## Exercise instructions
A faithful copy of the data is what is wanted, minus any pictures.

## Data extract
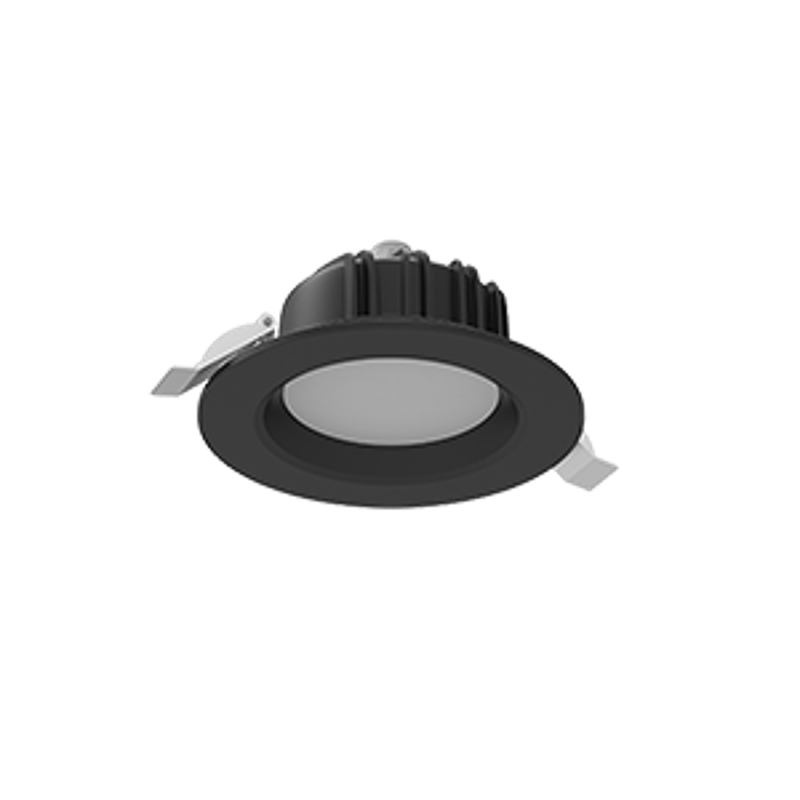 Cветильник светодиодный Downlight круглый встраиваемый 120*65 мм 11W 3000K IP54 RAL9005 черный муар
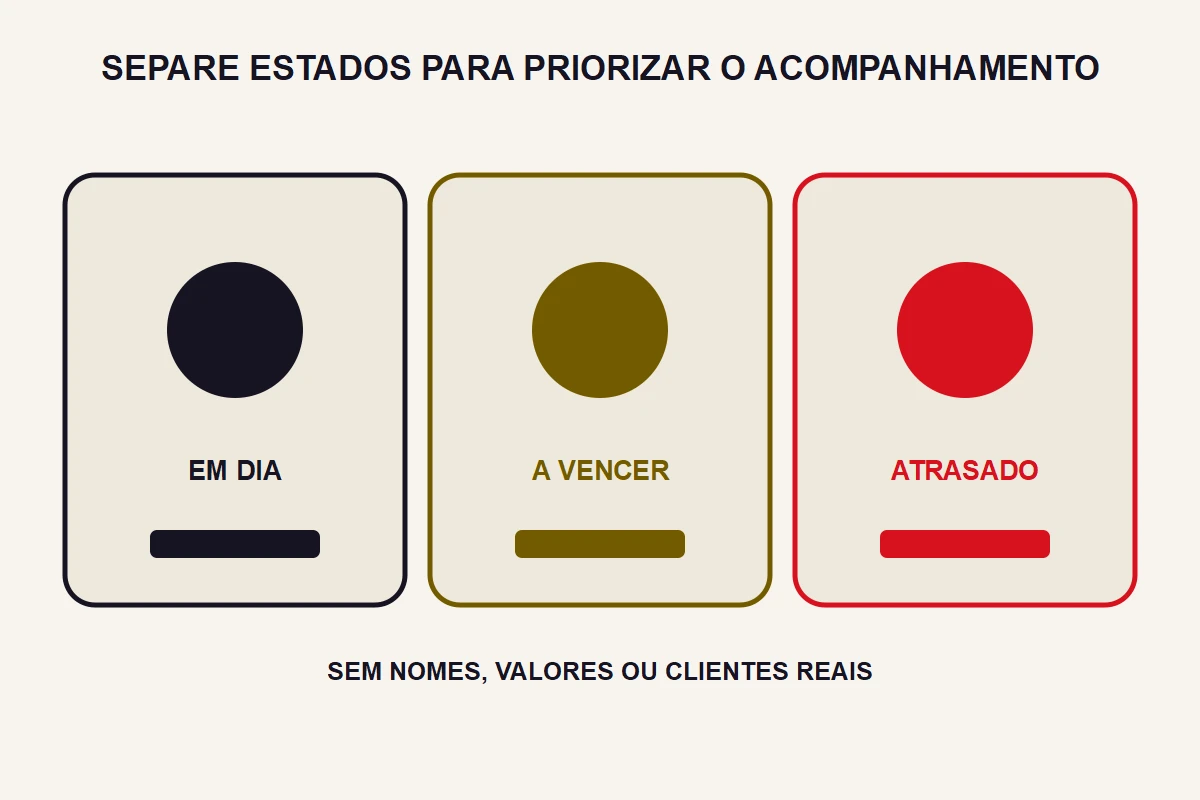 Três cartões distinguem em dia, a vencer e atrasado sem nomes ou valores.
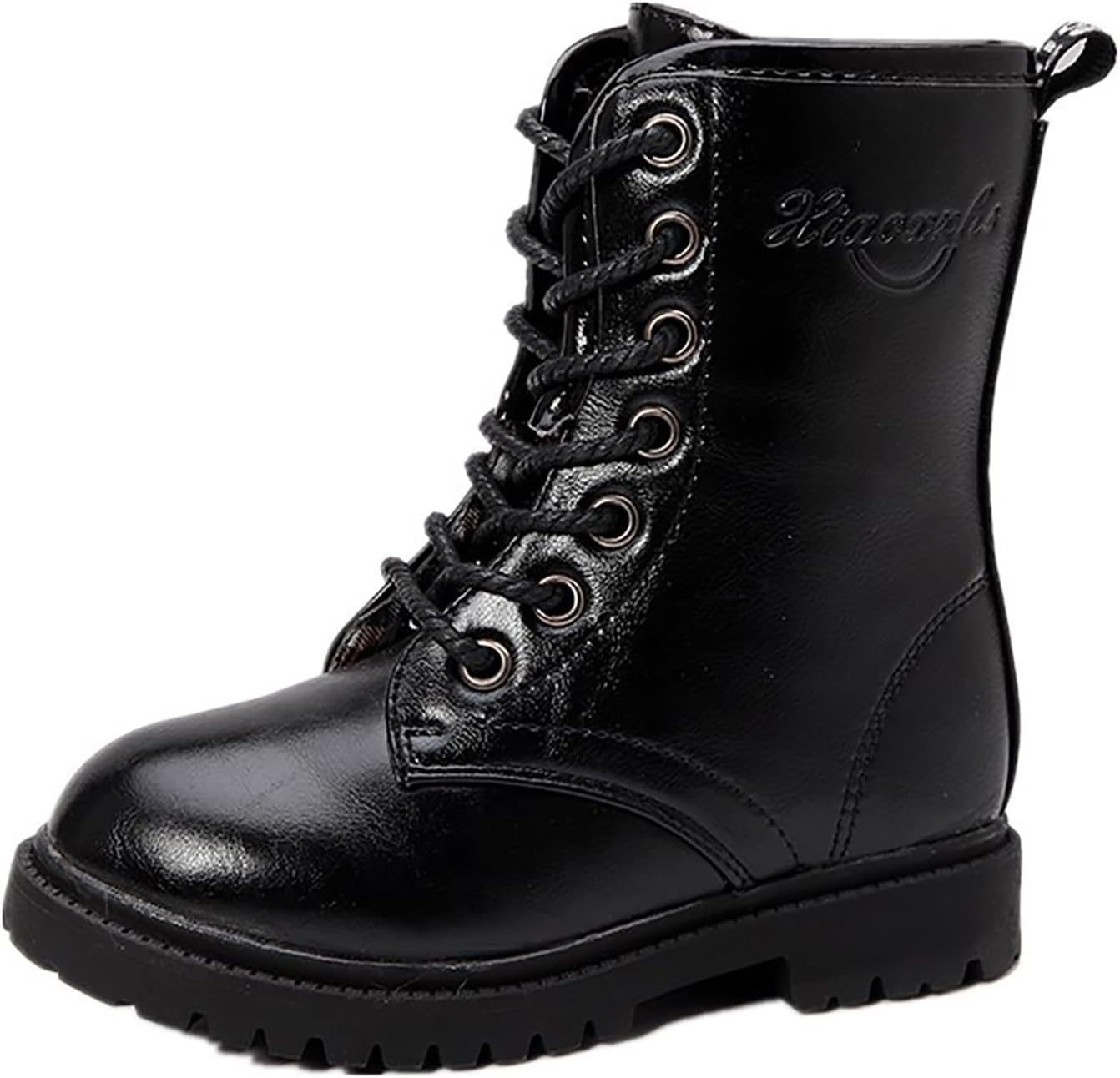 

Детские ботинки IWIHMIV для девочек, короткие ботильоны с боковой молнией, противоскользящей подошвой, мягкой кожаной подошвой, для повседневной носки и верховой езды, Black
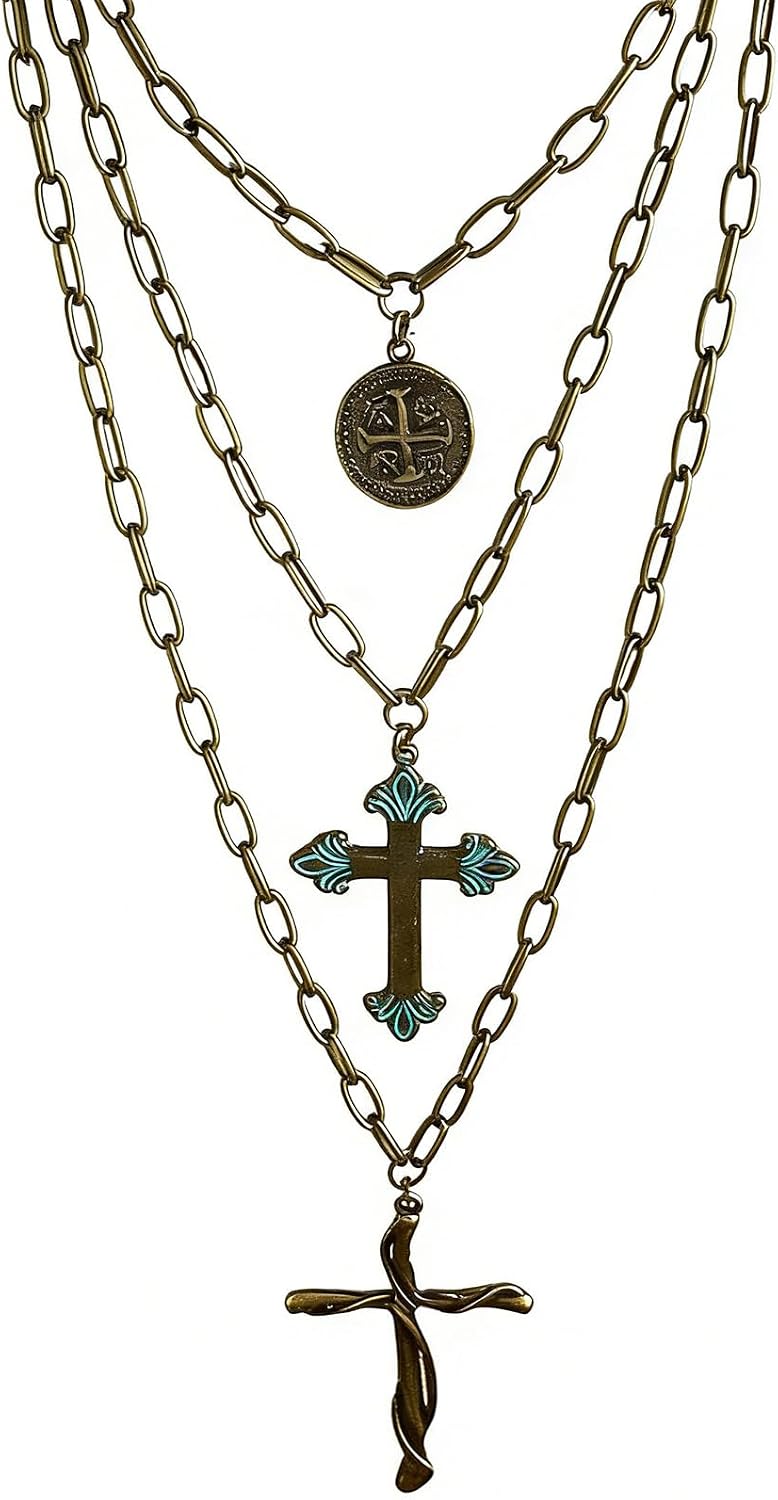 Four-strand layered necklace of mixed stone, wood and glass beads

## Written reply
 Cветильник светодиодный Downlight круглый встраиваемый 120*65 мм 11W 3000K IP54 RAL9005 черный муар
 Três cartões distinguem em dia, a vencer e atrasado sem nomes ou valores.

Детские ботинки IWIHMIV для девочек, короткие ботильоны с боковой молнией, противоскользящей подошвой, мягкой кожаной подошвой, для повседневной носки и верховой езды, Black
 Four-strand layered necklace of mixed stone, wood and glass beads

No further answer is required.